Aug. 31, 2001
Sports - Jewish football players
Football field of dreams
Two local Jewish athletes hope to lead UBC's team.
KYLE BERGER REPORTER
The field at the University of British Columbia's Thunderbird Stadium
was muddy and flooded as a mid-August downpour soaked the varsity
football team's morning practice.
But even after battling the elements while pushing their bodies
to the limit for the sake of impressing the coach, the T-Birds'
Zack Silverman and Aaron Harowitz left the field with smiles on
their wet faces. Because they were doing what they love.
"If I can walk, I'll practise," Harowitz said of the
conditions under which he works.
The two athletes, both past graduates of Beth Tikvah's Hebrew school,
are facing even more strenuous times this season as they fight for
starting positions on the team.
Silverman, 23, is in competition with a younger, but taller, athlete
for football's most glorified position, the quarterback.

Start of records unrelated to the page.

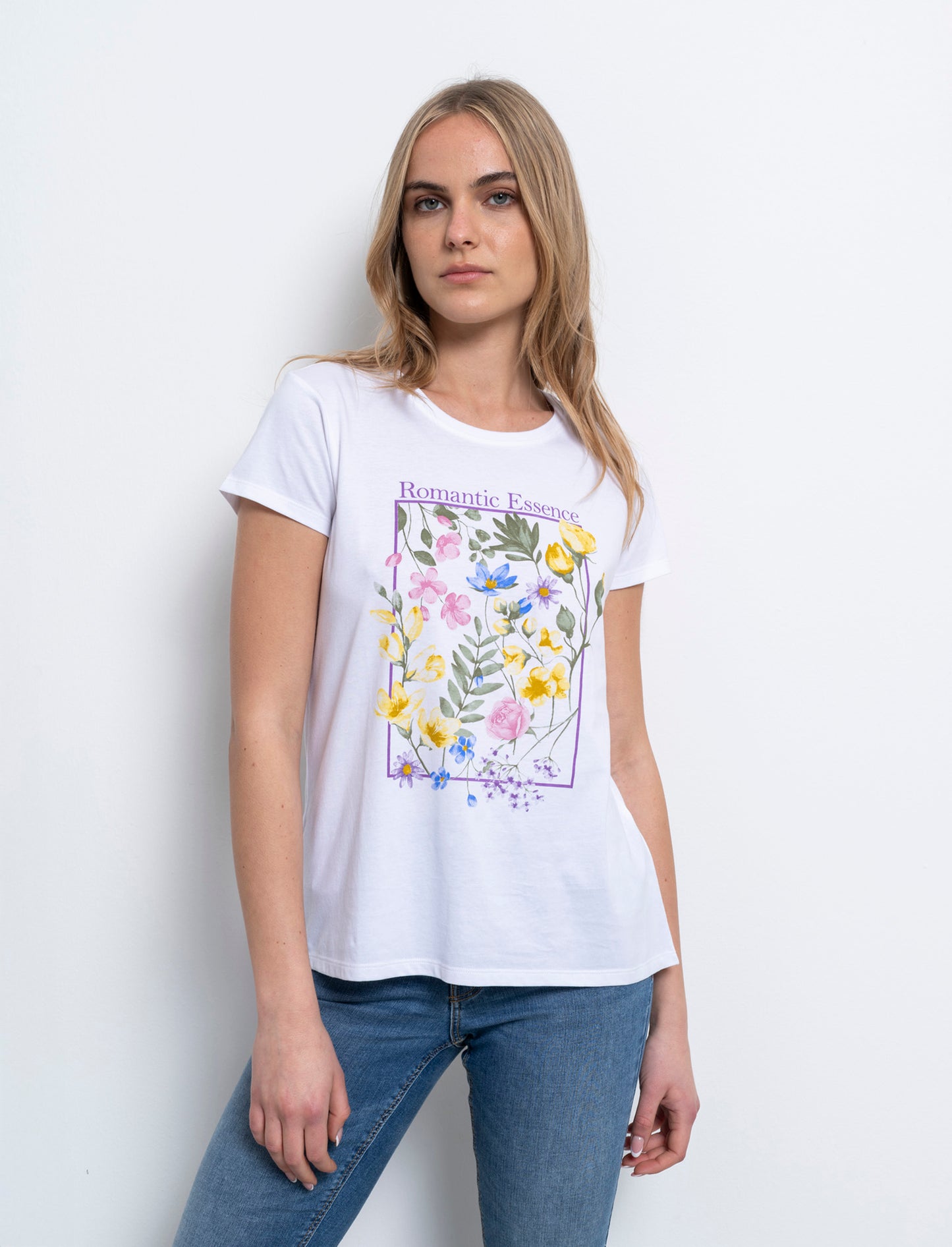 Woman's printed graphic t-shirt for casual wear - 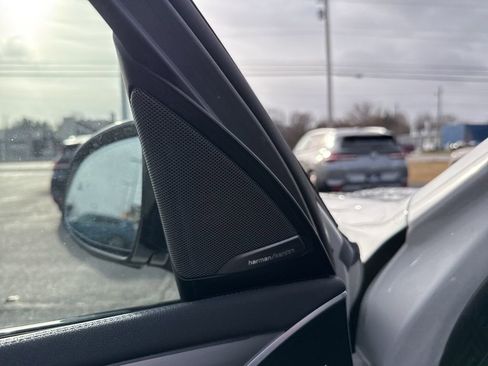 Used 2020 BMW X3 M40i w/ Executive Package image 9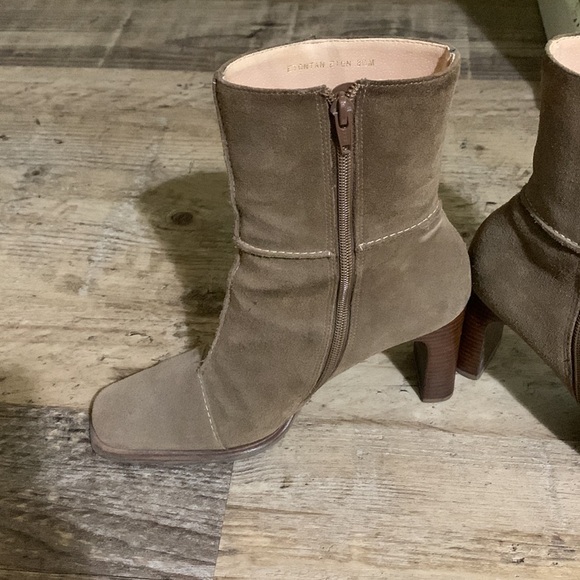 Camel-coloured low-rise suede boots - Picture 2 of 4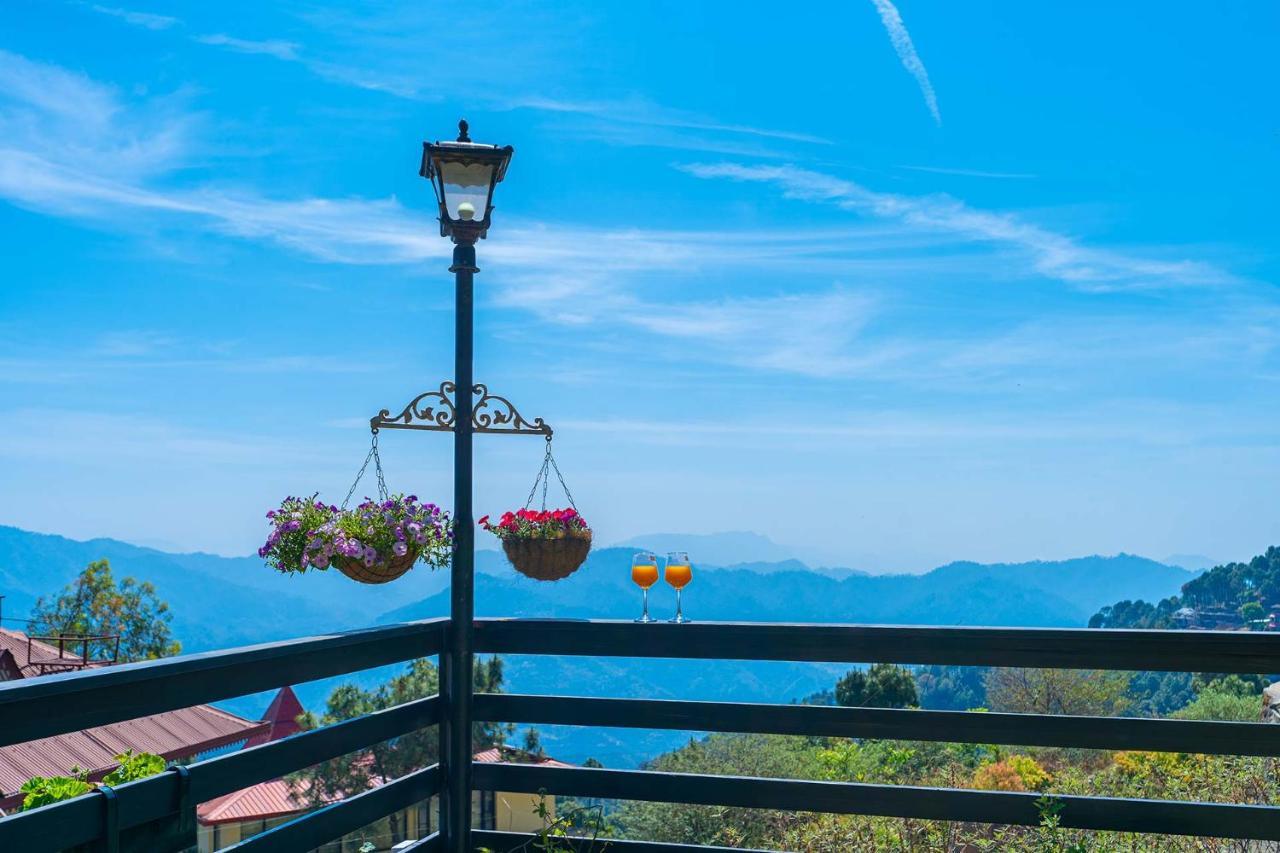 Stayvista At Floradale W Jacuzzi & Wood-Fire Pizza Kasauli Exterior photo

He is coming
off a Canadian MVP season with the Okanagan Sun of the Canadian
Junior Football League, where he led his team to the national championships
and won it all.
His competitor, Rob Kenney, however, has the advantage of knowing
the T Birds' playbook inside-out, as he's been the team's back-up
pivot for several seasons already.
Silverman didn't get a chance to begin studying the book until
two days before training camp began.
"I'm a smart quarterback and knowing the playbook and making
plays with my head is the best thing I can do, so it's going to
take some time for me to get to the level that I want to be at,"
"There's nothing to say that just because someone starts the
first game ... they're going to be better than me forever. I'm always
going to practise as hard as I can and push [Kenney] because that's
the best thing for the team and the best thing for me."
On the other side of the football line, Harowitz, a second-year
outside linebacker, is also competing against another second-year
player for a starting role on the team. He spent last season backing
up the position while starting as a special teams player. His progress
is unique, however, as this will only be his third year playing
"I didn't really ever have it in my mind to play collegiate
football when I was growing up," he said. "I was always
a basketball player and I didn't play football in high school."
A few years ago, at the age of 17, he joined the Richmond Raiders
community football team and had a successful season while studying
as a freshman at UBC. He was discovered by the T-Birds' coach and
was invited to last season's summer training camp.
While his progress with university level football has been quick,
Harowitz doesn't see a big professional career ahead of him.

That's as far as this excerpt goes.